Table 3 shows that the atomic fraction of aromatic carbon hydrogens
HA contained in the extracted asphaltenes is
hA = 0.12, which is higher than that of the asphalt 0.04, indicating that the asphaltenes have more aromatic structures and are more unsaturated than the asphalt. This is consistent with the C/H mass ratio results in
Table 2. For both asphaltene and base asphalt, the proportion of
HA hydrogen atoms is relatively small, and the highest proportion is β carbon hydrogens
Hβ. The aromatic carbon ratio
fA of asphaltenes is around 0.50, indicating that the aromatic ring structure in the molecular structure is well developed, consistent with the previous reports [
20,
21]. Asphaltenes have higher
hA and
hα and smaller
hβ than asphalt, indicating that asphaltenes have larger aromatic rings, more carbon chains connected with the aromatic ring but shorter side chains than asphalt, consistent with the previous reports [
9,
22]. The above results are consistent with the elemental and structural characteristics of asphaltenes, which proves that the extracted materials are asphaltenes.

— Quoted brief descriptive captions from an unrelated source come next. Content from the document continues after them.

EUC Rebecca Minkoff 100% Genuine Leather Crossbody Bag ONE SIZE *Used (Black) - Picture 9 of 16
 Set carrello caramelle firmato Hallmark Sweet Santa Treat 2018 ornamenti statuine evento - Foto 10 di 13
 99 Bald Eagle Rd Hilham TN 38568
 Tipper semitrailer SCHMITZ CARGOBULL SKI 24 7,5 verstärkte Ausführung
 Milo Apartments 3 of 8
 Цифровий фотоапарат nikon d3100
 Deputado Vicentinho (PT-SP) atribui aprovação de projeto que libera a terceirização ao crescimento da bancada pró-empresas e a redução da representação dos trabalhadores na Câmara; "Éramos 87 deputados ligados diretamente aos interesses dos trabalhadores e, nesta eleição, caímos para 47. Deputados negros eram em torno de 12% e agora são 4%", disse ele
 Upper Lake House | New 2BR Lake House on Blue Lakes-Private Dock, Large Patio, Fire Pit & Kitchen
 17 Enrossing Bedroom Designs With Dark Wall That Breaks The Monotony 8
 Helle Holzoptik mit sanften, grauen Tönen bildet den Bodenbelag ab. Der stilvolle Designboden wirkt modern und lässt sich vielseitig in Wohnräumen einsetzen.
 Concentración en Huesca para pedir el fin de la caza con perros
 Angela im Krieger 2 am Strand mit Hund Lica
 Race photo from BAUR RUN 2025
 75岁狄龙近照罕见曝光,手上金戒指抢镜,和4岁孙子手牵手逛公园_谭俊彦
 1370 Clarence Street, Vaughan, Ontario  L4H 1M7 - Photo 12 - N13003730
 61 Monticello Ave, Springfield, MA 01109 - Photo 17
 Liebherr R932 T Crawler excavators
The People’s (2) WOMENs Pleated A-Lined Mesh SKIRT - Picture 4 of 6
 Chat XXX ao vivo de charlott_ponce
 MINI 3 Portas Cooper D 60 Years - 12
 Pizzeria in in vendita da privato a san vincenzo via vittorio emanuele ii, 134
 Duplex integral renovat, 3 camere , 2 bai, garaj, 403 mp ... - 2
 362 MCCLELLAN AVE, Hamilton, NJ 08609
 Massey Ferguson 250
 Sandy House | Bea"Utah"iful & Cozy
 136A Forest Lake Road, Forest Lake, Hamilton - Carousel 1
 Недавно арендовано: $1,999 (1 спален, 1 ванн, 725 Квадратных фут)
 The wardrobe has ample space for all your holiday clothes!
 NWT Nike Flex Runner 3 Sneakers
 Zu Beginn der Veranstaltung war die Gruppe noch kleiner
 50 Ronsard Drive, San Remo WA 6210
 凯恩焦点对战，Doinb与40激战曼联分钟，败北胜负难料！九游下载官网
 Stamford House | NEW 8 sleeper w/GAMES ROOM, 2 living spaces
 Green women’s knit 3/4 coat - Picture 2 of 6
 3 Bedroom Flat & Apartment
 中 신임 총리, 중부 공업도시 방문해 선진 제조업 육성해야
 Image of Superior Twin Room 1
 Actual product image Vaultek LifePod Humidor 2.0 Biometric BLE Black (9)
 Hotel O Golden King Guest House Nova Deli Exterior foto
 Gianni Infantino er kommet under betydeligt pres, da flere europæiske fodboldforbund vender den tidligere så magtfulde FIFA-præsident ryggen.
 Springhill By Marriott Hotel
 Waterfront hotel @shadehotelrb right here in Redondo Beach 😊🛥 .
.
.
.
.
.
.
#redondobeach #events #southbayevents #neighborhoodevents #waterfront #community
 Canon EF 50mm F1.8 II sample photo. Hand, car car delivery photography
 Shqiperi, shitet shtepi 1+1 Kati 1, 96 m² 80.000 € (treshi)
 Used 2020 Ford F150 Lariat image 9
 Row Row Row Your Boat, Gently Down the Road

3.3. Choice of Solvent and Its Effect on Asphaltene Yield
Solvents that can dissolve asphaltenes include aromatic hydrocarbons, carbon disulfide and some halogen-containing organic solvents [
23]. It is generally believed that asphaltenes have archipelagic and continental molecular structures with alkanes and aromatic parts linked by chemical bonds [
24]. Asphaltenes have a high degree of unsaturation. Toluene and xylene have similar molecular structures to asphaltenes, so they are used as good solvents in this paper. According to
Table 4, the C/H mass ratios of toluene and xylene are 10.51 and 9.61, respectively, and their atomic ratios are 0.88 and 0.80, respectively. Therefore, toluene has a higher degree of unsaturation than xylene and greater solubility for asphaltenes. However, after being dropped into the poor solvent, the residual toluene has a stronger inhibitory effect on the precipitation of asphaltenes, thus causing more asphaltenes to remain in the solution, and resulting in a lower yield of asphaltenes as shown in
Table 5.
When the poor solvents are n-heptane, the yield of asphaltenes with xylene is 13.2 ± 0.4% while that with toluene is 11.3 ± 0.4%. Guo et al. also extracted asphaltenes at room temperature by using n-heptane as poor solvent without using good solvent [
9]. Their asphaltene yield was 17.5 ± 1.5%, higher than the yields in
Table 5. According to Sakib and Bhasin’s results [
15], the yield of extracted asphaltenes at room temperature was in range of 15.9–26.6%, which was also higher than yields in
Table 5. These higher yields may arise from differences in the source of asphalt or from absence of good solvent. As good solvent was not used, the solubility for asphaltenes would be reduced and the yield should rise.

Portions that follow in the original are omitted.